Sir Thomas arrives home earlier than expected, while all are in the midst of rehearsal. He stops the theatricals. Henry, from whom Maria had imminently expected a marriage proposal, instead takes his leave, and she is not pleased. She goes ahead with marriage to Rushworth, with her father's permission. They honeymoon in Brighton and then settle in London, taking Julia with them. Fanny's improved appearance and gentle disposition endear her to Sir Thomas. With Maria and Julia gone, Fanny and Mary Crawford visit often.
Henry returns to Mansfield parsonage, intending to make Fanny fall in love with him. He does not succeed. To further his suit, he uses his family connections to help Fanny's brother William gain promotion as a naval lieutenant, to her great joy and gratitude. When Henry proposes marriage, Fanny rejects him out of hand. Sir Thomas is astonished at her refusal. He reproaches her for ingratitude, and encourages Henry to persevere.

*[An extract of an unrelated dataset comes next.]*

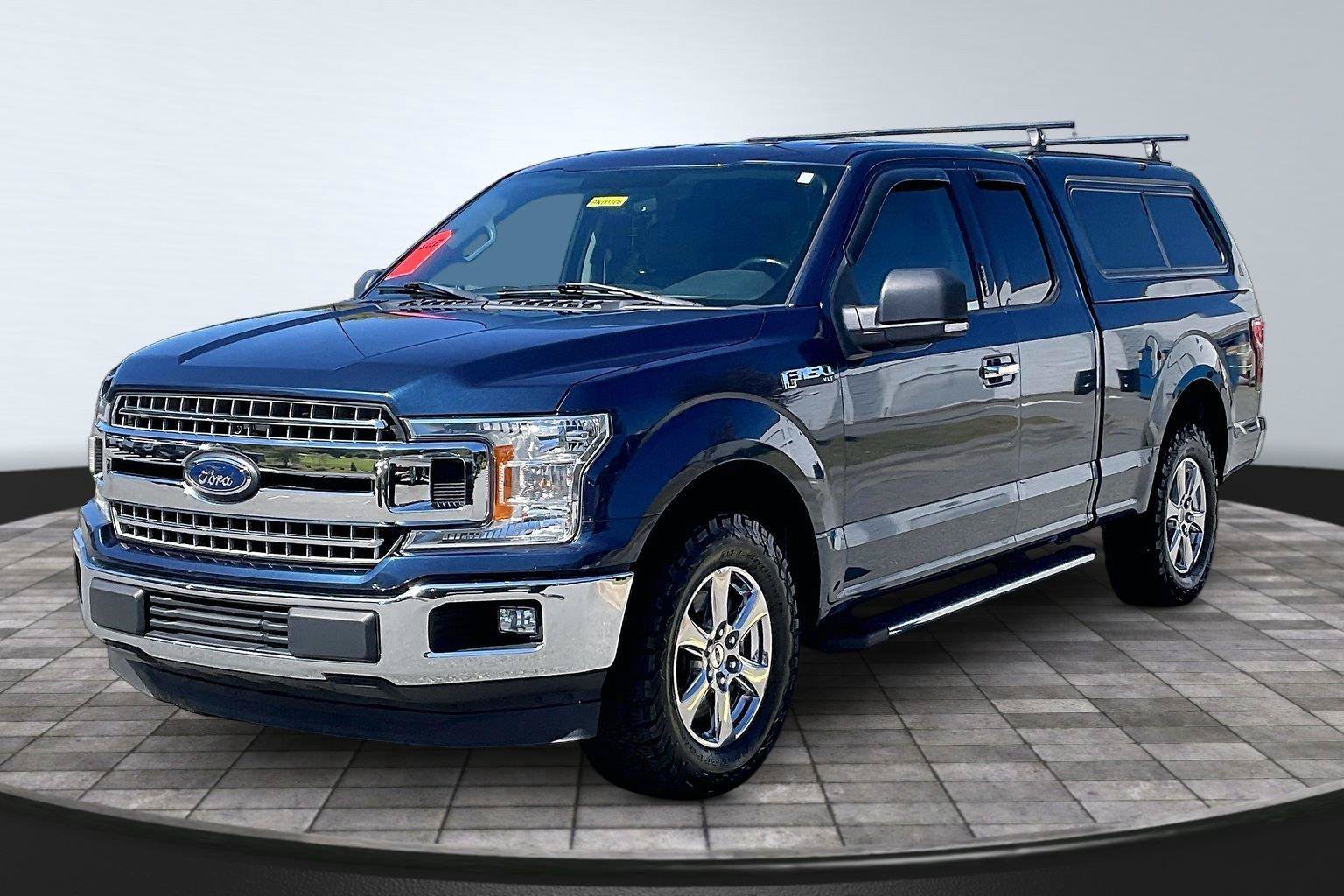 Used 2018 Ford F150 XLT w/ Equipment Group 301A Mid RWD image 8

To bring Fanny to her senses, Sir Thomas sends her for a visit to her parents in Portsmouth, hoping that the contrast will awaken her to the value of Henry's offer. She sets off with William and sees him in his first berth as a commissioned officer. At Portsmouth, she develops a firm bond with her younger sister Susan, but is taken aback by the contrast between her dissolute surroundings — noise, chaos, unpalatable food, crude conversation, and filth everywhere — and the harmonious environment at Mansfield. Henry visits her there. Although Fanny still refuses him, her attitude begins to soften, particularly as Edmund and Mary seem to be moving toward an engagement.
Henry leaves for London, and shortly afterward, Fanny learns that scandal has enveloped him and Maria. The two meet at a party and rekindle their flirtation, which leads to an affair. An indiscreet servant makes the affair public, and the story is in the newspapers. Maria runs away with Henry. Mr Rushworth sues Maria for divorce, and the proud Bertram family is devastated. Tom has fallen gravely ill as a result of his dissolute lifestyle, and Julia, fearing her father's anger for concealing Maria's affair, has eloped with Tom's friend Mr Yates.
Edmund takes Fanny and Susan to Mansfield Park. A repentant Sir Thomas realises that Fanny was right to reject Henry's proposal and now regards her as his daughter. During an emotional meeting with Mary Crawford, Edmund discovers that Mary does not condemn Henry and Maria's adultery, and regrets only that it was discovered. Her view is to cover it up. She blames Fanny for failing to accept Henry right away. Edmund is devastated to discover her true principles. He breaks off the relationship, returns to Mansfield Park.
Edmund slowly gets over his love for Mary. Then he comes to realise how important Fanny is to him. He declares his love for her, and they are married and eventually move to Mansfield parsonage, in the circle of those they love best. Tom recovers from his illness, a steadier and better man for it, and Julia's husband, Mr Yates, proves to be a respectable husband. Henry Crawford refuses to marry Maria. Her shame gives her no options, so her father sets her up in a house with Aunt Norris, out of his sight. Mary Crawford moves in with her sister, hoping for a husband.